» Aim of the exercise
Would you show every line from the records that holds "Cream"?
◇ ◇ ◇ ◇ ◇
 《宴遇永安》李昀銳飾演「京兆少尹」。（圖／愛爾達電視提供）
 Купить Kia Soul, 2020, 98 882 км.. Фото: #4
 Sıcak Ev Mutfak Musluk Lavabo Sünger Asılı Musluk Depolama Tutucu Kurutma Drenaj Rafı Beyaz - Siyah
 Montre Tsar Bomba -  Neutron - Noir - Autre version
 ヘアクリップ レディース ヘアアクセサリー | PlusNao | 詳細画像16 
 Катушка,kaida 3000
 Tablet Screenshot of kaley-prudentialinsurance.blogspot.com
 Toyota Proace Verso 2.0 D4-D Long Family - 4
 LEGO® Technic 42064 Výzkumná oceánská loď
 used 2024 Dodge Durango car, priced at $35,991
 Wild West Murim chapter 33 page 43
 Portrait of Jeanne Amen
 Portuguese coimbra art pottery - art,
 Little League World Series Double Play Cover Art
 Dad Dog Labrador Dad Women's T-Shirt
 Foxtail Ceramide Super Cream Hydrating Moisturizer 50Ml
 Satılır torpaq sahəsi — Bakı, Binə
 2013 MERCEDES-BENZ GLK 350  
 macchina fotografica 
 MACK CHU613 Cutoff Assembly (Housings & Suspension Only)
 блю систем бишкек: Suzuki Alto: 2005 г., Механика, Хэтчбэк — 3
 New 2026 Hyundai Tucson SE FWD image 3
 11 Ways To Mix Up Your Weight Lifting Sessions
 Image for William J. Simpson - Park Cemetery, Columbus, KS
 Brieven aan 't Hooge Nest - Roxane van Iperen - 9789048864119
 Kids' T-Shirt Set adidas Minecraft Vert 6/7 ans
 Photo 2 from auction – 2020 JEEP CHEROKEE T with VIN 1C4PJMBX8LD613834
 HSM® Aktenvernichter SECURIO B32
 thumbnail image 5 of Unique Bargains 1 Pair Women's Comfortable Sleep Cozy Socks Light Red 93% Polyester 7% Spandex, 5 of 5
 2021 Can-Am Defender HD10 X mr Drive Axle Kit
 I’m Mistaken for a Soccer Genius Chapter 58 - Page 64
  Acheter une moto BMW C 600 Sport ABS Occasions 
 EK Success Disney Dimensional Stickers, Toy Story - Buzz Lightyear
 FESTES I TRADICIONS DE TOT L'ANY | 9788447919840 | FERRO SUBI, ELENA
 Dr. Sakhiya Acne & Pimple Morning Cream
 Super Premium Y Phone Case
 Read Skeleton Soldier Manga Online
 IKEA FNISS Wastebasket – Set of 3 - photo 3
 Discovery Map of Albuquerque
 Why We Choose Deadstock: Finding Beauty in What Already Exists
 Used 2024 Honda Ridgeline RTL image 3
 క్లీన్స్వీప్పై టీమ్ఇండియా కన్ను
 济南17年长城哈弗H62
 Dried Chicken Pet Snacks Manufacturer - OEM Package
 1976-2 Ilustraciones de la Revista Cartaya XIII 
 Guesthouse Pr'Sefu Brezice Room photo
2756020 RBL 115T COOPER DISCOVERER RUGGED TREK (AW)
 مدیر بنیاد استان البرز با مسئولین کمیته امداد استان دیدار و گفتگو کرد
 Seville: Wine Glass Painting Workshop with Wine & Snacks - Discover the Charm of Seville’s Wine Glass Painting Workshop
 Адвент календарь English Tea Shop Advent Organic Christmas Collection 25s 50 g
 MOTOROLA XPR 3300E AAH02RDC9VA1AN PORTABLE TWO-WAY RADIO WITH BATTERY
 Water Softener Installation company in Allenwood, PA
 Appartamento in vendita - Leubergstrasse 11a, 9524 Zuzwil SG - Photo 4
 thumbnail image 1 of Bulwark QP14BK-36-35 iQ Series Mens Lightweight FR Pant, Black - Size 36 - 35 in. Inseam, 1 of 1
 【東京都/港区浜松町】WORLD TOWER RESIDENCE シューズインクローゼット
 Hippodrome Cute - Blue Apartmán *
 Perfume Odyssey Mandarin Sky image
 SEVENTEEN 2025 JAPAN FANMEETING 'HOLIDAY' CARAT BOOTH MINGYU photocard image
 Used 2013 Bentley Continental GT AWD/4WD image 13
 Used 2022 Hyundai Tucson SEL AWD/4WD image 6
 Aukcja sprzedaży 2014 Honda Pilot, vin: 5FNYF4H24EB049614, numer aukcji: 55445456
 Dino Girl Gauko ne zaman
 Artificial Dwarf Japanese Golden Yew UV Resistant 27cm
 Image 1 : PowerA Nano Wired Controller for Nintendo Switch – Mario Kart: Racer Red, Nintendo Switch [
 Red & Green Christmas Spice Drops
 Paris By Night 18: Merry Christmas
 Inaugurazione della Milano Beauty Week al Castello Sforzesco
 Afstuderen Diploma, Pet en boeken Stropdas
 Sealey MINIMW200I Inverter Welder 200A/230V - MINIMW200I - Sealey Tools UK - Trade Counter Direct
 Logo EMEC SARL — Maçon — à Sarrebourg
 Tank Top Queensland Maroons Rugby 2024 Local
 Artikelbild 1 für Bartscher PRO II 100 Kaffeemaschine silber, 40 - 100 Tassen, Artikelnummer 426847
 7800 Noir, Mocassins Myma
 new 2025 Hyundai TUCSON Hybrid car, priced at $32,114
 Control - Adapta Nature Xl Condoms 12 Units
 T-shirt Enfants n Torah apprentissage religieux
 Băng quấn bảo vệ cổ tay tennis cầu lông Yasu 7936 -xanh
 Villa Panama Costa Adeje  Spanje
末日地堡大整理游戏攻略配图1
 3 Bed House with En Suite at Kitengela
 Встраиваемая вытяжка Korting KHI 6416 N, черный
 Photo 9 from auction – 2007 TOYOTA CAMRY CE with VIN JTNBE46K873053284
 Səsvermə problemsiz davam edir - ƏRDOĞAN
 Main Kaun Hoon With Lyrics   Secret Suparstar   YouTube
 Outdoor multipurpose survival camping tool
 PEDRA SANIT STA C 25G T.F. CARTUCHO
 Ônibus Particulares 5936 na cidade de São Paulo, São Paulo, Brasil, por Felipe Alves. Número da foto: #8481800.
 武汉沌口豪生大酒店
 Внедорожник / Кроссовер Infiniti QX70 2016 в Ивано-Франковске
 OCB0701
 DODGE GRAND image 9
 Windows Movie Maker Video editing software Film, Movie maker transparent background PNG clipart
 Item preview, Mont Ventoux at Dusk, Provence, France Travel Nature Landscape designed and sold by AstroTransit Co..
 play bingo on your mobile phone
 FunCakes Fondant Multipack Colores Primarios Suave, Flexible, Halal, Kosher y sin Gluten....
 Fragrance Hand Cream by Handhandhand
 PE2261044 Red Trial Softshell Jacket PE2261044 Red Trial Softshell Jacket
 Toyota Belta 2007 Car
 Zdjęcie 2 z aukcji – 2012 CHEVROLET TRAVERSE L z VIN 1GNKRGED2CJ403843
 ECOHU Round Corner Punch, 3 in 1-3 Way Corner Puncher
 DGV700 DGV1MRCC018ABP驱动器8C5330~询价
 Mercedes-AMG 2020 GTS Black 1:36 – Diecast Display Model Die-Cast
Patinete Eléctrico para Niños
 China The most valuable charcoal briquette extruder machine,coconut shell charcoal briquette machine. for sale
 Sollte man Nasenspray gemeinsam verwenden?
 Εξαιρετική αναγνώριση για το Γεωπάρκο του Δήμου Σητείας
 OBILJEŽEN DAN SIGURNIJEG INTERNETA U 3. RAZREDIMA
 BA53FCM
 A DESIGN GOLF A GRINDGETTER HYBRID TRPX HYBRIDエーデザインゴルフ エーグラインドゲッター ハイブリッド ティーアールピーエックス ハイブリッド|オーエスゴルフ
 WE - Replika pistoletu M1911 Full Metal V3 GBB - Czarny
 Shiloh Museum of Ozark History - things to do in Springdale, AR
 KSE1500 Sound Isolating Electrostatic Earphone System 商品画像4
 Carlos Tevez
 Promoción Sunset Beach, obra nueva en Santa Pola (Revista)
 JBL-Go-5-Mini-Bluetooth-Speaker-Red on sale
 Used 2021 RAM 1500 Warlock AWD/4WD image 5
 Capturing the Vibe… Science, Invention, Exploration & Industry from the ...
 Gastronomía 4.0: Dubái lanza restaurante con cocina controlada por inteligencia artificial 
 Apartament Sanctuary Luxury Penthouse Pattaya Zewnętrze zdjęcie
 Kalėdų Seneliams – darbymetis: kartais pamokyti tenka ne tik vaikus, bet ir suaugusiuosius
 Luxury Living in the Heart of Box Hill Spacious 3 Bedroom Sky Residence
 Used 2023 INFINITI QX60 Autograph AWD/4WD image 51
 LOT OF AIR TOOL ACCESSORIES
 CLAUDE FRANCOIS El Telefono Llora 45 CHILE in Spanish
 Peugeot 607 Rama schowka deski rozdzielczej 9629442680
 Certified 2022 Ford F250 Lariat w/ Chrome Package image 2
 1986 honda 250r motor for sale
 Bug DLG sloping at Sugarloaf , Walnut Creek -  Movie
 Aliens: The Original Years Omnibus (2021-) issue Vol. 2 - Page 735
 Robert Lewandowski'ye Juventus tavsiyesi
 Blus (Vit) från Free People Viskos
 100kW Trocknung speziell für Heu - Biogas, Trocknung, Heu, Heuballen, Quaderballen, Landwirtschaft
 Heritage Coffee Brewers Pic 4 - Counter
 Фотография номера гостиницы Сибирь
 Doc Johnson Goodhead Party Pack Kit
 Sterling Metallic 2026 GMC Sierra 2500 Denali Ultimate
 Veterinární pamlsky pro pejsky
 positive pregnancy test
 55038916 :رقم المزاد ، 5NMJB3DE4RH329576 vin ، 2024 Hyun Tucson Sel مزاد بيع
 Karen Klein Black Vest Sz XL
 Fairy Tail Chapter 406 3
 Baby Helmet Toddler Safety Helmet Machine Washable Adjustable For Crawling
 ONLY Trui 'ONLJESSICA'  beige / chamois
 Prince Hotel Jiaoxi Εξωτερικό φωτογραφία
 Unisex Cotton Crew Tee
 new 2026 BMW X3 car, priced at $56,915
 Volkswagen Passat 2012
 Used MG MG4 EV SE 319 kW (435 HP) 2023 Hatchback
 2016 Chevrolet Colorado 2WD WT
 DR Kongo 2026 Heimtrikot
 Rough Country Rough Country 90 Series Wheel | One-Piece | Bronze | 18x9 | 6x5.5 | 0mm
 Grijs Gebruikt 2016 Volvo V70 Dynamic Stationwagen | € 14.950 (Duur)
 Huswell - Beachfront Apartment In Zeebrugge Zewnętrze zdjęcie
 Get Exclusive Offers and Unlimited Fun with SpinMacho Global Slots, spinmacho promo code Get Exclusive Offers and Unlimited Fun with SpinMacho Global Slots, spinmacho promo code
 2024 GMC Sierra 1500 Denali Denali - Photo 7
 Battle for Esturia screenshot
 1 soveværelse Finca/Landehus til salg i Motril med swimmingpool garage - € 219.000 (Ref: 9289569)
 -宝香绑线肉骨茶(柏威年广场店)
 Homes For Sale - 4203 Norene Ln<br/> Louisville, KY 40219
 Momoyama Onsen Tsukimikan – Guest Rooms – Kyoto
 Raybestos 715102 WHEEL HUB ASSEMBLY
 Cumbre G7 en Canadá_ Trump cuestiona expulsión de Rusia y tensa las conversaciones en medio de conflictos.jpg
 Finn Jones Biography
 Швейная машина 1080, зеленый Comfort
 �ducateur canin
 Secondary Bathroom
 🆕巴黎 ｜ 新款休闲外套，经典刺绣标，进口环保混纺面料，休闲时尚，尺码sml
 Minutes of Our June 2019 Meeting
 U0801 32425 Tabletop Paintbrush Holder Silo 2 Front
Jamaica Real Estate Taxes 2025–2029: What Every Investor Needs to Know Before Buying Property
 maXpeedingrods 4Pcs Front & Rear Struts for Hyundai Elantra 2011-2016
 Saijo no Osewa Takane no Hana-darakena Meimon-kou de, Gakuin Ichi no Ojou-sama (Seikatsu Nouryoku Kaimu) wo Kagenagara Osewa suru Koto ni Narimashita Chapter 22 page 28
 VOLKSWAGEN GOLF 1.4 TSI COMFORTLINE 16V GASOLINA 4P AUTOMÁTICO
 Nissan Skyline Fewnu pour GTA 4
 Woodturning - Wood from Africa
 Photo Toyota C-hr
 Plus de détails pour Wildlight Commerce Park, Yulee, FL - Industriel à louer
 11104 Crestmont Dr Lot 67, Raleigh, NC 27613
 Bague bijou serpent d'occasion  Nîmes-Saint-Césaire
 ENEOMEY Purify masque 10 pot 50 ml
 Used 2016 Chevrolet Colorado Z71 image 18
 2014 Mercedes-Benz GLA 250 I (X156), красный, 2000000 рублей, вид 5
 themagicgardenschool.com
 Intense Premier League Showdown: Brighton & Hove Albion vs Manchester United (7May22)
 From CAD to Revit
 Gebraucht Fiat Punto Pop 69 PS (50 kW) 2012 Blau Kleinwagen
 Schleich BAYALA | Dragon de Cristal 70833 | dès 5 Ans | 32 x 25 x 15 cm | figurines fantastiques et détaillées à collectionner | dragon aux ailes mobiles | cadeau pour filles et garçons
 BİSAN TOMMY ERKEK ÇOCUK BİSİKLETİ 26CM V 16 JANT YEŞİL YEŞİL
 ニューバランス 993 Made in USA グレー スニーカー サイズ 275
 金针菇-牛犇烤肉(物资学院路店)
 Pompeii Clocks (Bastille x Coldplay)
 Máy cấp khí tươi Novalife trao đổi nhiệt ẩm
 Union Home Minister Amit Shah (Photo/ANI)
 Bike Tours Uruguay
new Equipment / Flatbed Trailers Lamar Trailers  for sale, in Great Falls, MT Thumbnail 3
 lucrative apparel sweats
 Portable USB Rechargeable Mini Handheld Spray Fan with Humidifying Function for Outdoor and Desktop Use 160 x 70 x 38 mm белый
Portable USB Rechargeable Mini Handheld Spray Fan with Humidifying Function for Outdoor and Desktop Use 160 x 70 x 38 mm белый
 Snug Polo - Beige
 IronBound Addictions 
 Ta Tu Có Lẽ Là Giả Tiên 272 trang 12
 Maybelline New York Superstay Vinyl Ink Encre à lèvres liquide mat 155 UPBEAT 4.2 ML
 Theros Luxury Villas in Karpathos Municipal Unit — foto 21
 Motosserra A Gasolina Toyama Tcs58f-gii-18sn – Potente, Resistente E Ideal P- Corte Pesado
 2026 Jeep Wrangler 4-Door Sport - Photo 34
◇ ◇ ◇ ◇ ◇
» Exercise solution
 Foxtail Ceramide Super Cream Hydrating Moisturizer 50Ml
 Dr. Sakhiya Acne & Pimple Morning Cream
 Fragrance Hand Cream by Handhandhand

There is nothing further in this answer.